In deze sectie bespreken we hoe u een nieuw project in de CVS-repository kunt aanmaken. Wanneer u alleen maar wilt werken met een bestaand project in de repository dan kunt u deze sectie overslaan.

Er zijn twee manieren om een project in de CVS te stoppen:

  • Importeer de bestanden en mappen naar een nieuwe module, met behulp van de importeerdialoog van Cervisia. Modules zijn de hoogste mappen in de boomstructuur van de CVS repository en worden gebruikt om de verschillende software projecten in de repository apart te houden en te organiseren.

  • Maak een lege module aan en voeg de nieuwe bestanden en mappen handmatig toe.
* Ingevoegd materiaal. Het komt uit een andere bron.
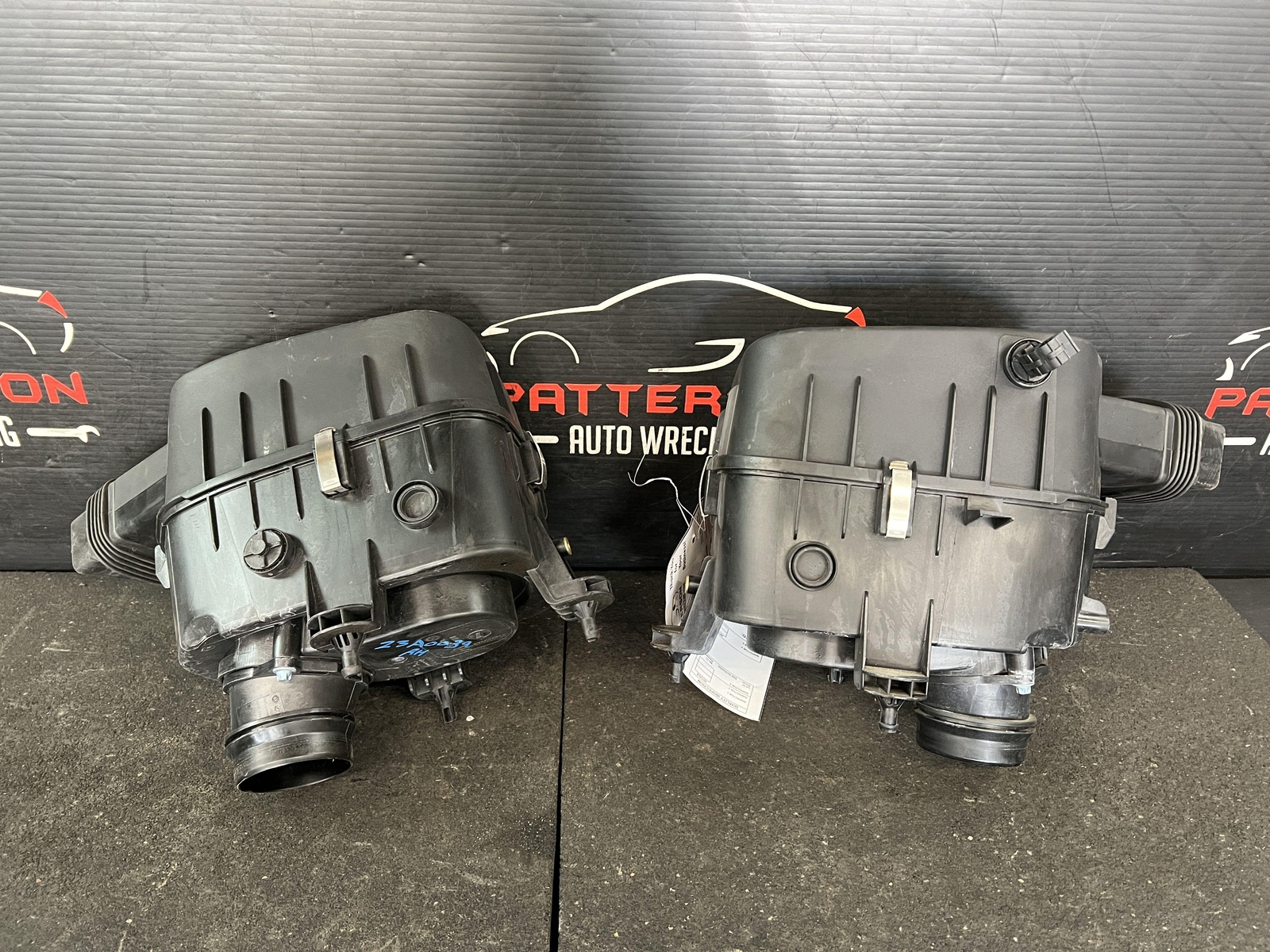 14-21 MASERATI GHIBLI 3.0L LEFT & RIGHT AIR INTAKE CLEANER FILTER BOX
U zult meer controle hebben, maar het zal waarschijnlijk een beetje meer tijd kosten.

Belangrijk

Houdt in gedachten dat CVS oorspronkelijk is ontworpen om tekstbestanden te behandelen. Veel functies, zoals revisie samenvoegen, verschillen maken in een leesbare vorm, etc. worden alleen toegepast op tekstbestanden. Dit betekent niet dat u de CVS niet kan gebruiken voor binaire bestanden, het betekent dat u de CVS expliciet moet vertellen of het een tekst- of binair bestand is. Als u het verkeerde type bestand aangeeft, dan zult u problemen ervaren met de functionaliteit van CVS voor deze bestanden en kunnen ze verminkt raken.
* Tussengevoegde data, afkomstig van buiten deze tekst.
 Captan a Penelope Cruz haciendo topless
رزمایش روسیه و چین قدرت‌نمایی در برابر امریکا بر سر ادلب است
Een project importeren (als een nieuwe module) heeft enige voordelen: u kunt alle bestanden en mappen recursief importeren en de module zal automatisch voor u worden aangemaakt. Dit maakt het importeren van grote bestaande projecten naar de repository gemakkelijker. Er zijn echter ook enkele nedelen: u kunt geen gebruik maken van de importdialoog van Cervisia om bestanden aan bestaande modules toe te voegen en u kunt de bestanden ofwel als tekst of als binaire bestanden importeren. U kunt om de beperkingen heen werken door een map met bestanden van alleen één van deze types aan te maken of door de patronen van de bestanden die genegeerd moeten worden bij het importeren te specificeren.

Veronderstel bijvoorbeeld dat uw project alleen tekstbestanden en enige PNG-afbeeldingen (binaire bestanden) bevat. U kunt CVS vertellen om alle bestanden met het patroon *.png te negeren bij bij het importeren van de andere bestanden als tekst of u kunt de afbeeldingen naar een aparte map verplaatsen en dan de overige bestanden (als tekstbestanden) importeren. Op beide manieren moet u een checkout op de nieuw geïmporteerde module doen naar een nieuwe werkkopie, de ontbrekende bestanden en mappen er naar toe kopiëren, toevoegen en ze vastleggen (commit) in de repository om het proces van importeren te voltooien.

Als een alternatief kunt u de bestanden en mappen handmatig toevoegen, daarmee een lege module voor ze aan te maken. Om een lege module aan een repository toe te voegen, maakt u een nieuwe map aan in de basismap van de CVS repository. De naam van deze nieuwe map is de naam van de module. Checkout de nieuwe lege module. Kopieer daarna de bestanden en mappen naar de werkkopie, voeg toe en leg vast (commit) om ze te uploaden naar de CVS repository.

Afbeelding 2.2. Een schermafdruk van Cervisia's import venster

Een schermafdruk van Cervisia's import venster

In Afbeelding 2.2, “Een schermafdruk van Cervisia's import venster” kunt u de dialoog zien die u helpt om een project als een module te importeren. Om toegang te krijgen tot de importdialoog van Cervisia, kiest u het menu-item RepositoryImporteren....

Repository:

Voer de naam van de CVS-repository in of selecteer deze uit het afrolvak. De naam wordt ook wel $CVSROOT genoemd. U moet er schrijftoegang hebben en de repository dient geïnitialiseerd te zijn. Wanneer de repository nog niet bestaat, maak deze dan aan met het kiezen van het menu-item RepositoryAanmaken....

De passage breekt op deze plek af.